Al enterarse de las compras que había hecho Dmitri, se enardeció más todavía.

—Acuérdense, señores, del asesino del traficante Olsufiev, que robó a su víctima mil quinientos rublos. Lo primero que hizo fue rizarse el pelo. Después se dedicó a divertirse con las chicas y no se preocupó de ocultar el dinero.

Pero las formalidades de la investigación requerían tiempo. Se envió a Mokroie al isprvvnik Mavriki Mavrikievitch Chmertsoy, que habia llegado a la ciudad para cobrar su sueldo. Se le encargó la vigilancia del «asesino» hasta que llegasen las autoridades competentes. Debía procurarse la ayuda necesaria, etc., etc. Ocultando que obraba oficialmente, enteró de parte del asunto a Trifón Borisytch, conocido suyo desde hacía mucho tiempo. Entonces fue cuando Mitia, al dejar la galería, se encontró con el dueño del parador, que lo buscaba, y observó un cambio en su semblante y en su modo de hablar.

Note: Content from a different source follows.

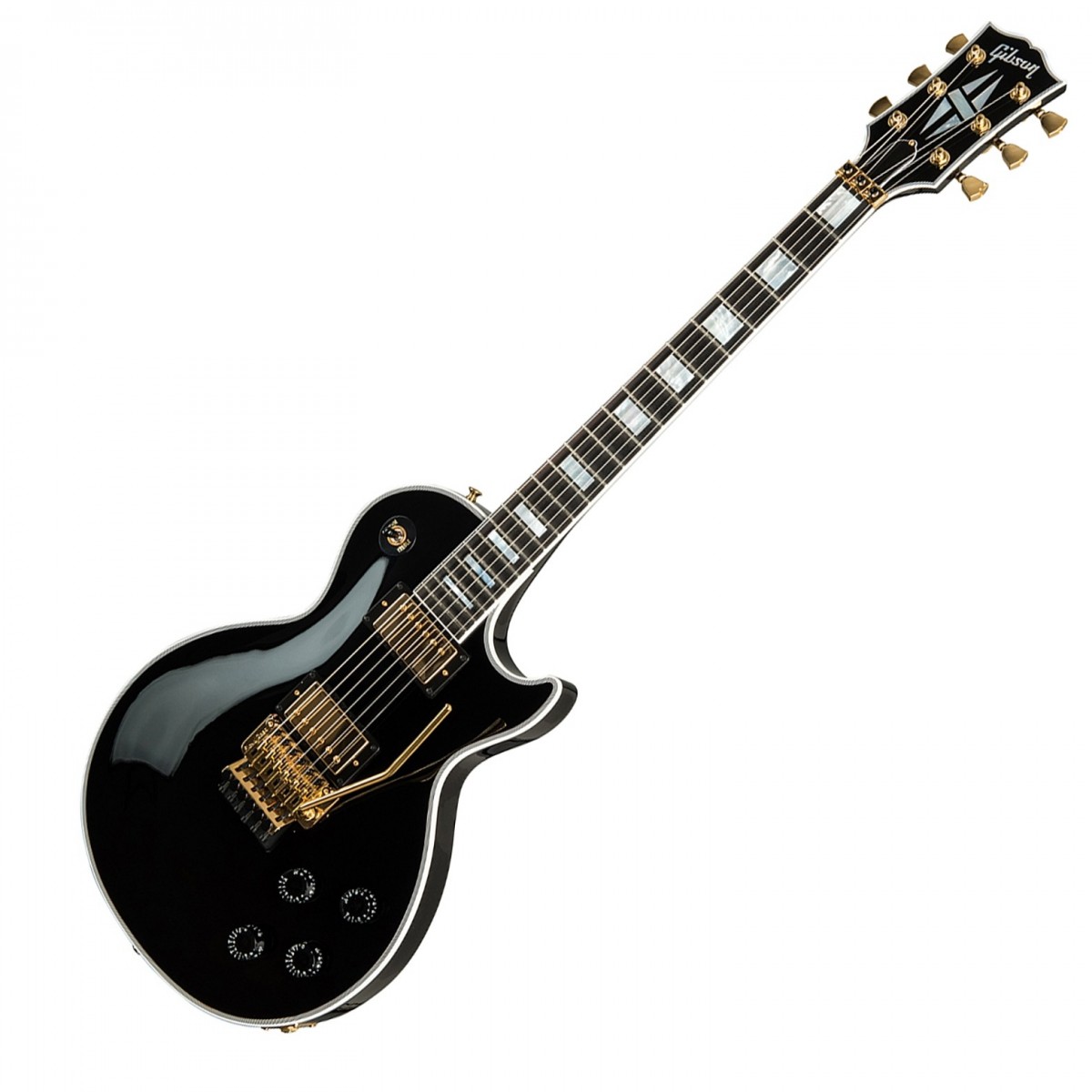 Gibson Custom Shop Gibson Custom Les Paul Axcess Custom w/ Ebony Fingerboard Floyd Rose Gloss Ebony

Mitia y sus compañeros ignoraban la vigilancia de que eran objeto. En cuanto a la caja de las pistolas, hacía rato que Trifón la había escondido en lugar seguro.

Hasta las cinco, o sea casi al amanecer, no llegaron las autoridades. Ocupaban dos coches. El médico se había quedado en casa de Fiodor Pavlovitch para hacerle la autopsia y, sobre todo, porque el estado de Smerdiakov le interesaba extraordinariamente.

—Un ataque de epilepsia tan violento y largo como éste, que ya dura dos días, es sumamente raro a interesante desde el punto de vista científico —dijo a sus compañeros cuando los vio partir.

Y todos lo felicitaron, entre risas, por la oportunidad que se le había presentado inesperadamente. El médico afirmó que Smerdiakov no llegaría con vida a la mañana siguiente.

Tras esta digresión un tanto extensa, pero necesaria, reanudamos nuestra historia en el punto en que la dejamos.

III. Las tribulaciones de un alma. Primera tribulación

Mitia paseó por todos los presentes una mirada atónita, sin comprender lo que decían. De pronto se irguió, levantó los brazos al cielo y exclamó:

—¡Yo no soy culpable de ese crimen! ¡Yo no he derramado la sangre de mi padre! Quería matarlo, pero soy inocente. ¡No he sido yo!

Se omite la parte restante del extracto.